▶ [WHAT TO WORK ON]:
All of the records below are to be copied exactly.

▶ [TASK INPUT]:
---

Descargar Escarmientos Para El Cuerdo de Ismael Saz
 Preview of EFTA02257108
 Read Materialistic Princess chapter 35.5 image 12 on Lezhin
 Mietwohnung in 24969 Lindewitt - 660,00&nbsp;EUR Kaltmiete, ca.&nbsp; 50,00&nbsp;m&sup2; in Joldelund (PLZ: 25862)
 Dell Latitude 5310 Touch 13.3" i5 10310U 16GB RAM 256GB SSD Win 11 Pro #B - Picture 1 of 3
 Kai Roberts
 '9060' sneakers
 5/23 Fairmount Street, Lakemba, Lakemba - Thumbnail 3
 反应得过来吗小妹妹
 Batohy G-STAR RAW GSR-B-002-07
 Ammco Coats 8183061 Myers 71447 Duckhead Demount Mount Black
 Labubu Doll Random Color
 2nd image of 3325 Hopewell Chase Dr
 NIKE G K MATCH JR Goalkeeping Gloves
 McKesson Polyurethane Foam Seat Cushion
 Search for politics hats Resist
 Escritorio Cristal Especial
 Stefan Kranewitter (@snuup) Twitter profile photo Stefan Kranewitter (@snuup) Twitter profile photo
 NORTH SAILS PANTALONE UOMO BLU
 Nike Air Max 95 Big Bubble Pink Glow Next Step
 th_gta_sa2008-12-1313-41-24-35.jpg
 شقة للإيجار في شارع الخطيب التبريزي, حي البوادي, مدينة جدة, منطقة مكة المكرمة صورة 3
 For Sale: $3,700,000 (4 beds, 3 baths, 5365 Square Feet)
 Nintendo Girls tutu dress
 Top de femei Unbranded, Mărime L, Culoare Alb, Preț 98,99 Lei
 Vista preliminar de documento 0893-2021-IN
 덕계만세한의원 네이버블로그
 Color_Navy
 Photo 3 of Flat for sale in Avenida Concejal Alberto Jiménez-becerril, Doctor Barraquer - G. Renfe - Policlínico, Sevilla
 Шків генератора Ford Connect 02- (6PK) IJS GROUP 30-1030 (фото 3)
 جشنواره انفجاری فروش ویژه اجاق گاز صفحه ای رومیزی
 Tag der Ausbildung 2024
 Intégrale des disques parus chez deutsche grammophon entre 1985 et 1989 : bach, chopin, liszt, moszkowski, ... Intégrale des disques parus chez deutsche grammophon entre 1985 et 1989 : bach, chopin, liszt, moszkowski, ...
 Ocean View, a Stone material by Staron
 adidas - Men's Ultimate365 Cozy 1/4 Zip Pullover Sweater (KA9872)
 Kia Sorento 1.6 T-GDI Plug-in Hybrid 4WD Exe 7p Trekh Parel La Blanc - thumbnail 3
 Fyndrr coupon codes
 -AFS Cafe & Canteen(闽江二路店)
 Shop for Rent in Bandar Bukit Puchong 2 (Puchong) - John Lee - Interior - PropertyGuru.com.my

---

▶ [RESULT OF THE TASK]:
Descargar Escarmientos Para El Cuerdo de Ismael Saz
 Preview of EFTA02257108
 Read Materialistic Princess chapter 35.5 image 12 on Lezhin
 Mietwohnung in 24969 Lindewitt - 660,00&nbsp;EUR Kaltmiete, ca.&nbsp; 50,00&nbsp;m&sup2; in Joldelund (PLZ: 25862)
 Dell Latitude 5310 Touch 13.3" i5 10310U 16GB RAM 256GB SSD Win 11 Pro #B - Picture 1 of 3
 Kai Roberts
 '9060' sneakers
 5/23 Fairmount Street, Lakemba, Lakemba - Thumbnail 3
 反应得过来吗小妹妹
 Batohy G-STAR RAW GSR-B-002-07
 Ammco Coats 8183061 Myers 71447 Duckhead Demount Mount Black
 Labubu Doll Random Color
 2nd image of 3325 Hopewell Chase Dr
 NIKE G K MATCH JR Goalkeeping Gloves
 McKesson Polyurethane Foam Seat Cushion
 Search for politics hats Resist
 Escritorio Cristal Especial
 Stefan Kranewitter (@snuup) Twitter profile photo Stefan Kranewitter (@snuup) Twitter profile photo
 NORTH SAILS PANTALONE UOMO BLU
 Nike Air Max 95 Big Bubble Pink Glow Next Step
 th_gta_sa2008-12-1313-41-24-35.jpg
 شقة للإيجار في شارع الخطيب التبريزي, حي البوادي, مدينة جدة, منطقة مكة المكرمة صورة 3
 For Sale: $3,700,000 (4 beds, 3 baths, 5365 Square Feet)
 Nintendo Girls tutu dress
 Top de femei Unbranded, Mărime L, Culoare Alb, Preț 98,99 Lei
 Vista preliminar de documento 0893-2021-IN
 덕계만세한의원 네이버블로그
 Color_Navy
 Photo 3 of Flat for sale in Avenida Concejal Alberto Jiménez-becerril, Doctor Barraquer - G. Renfe - Policlínico, Sevilla
 Шків генератора Ford Connect 02- (6PK) IJS GROUP 30-1030 (фото 3)
 جشنواره انفجاری فروش ویژه اجاق گاز صفحه ای رومیزی
 Tag der Ausbildung 2024
 Intégrale des disques parus chez deutsche grammophon entre 1985 et 1989 : bach, chopin, liszt, moszkowski, ... Intégrale des disques parus chez deutsche grammophon entre 1985 et 1989 : bach, chopin, liszt, moszkowski, ...
 Ocean View, a Stone material by Staron
 adidas - Men's Ultimate365 Cozy 1/4 Zip Pullover Sweater (KA9872)
 Kia Sorento 1.6 T-GDI Plug-in Hybrid 4WD Exe 7p Trekh Parel La Blanc - thumbnail 3
 Fyndrr coupon codes
 -AFS Cafe & Canteen(闽江二路店)
 Shop for Rent in Bandar Bukit Puchong 2 (Puchong) - John Lee - Interior - PropertyGuru.com.my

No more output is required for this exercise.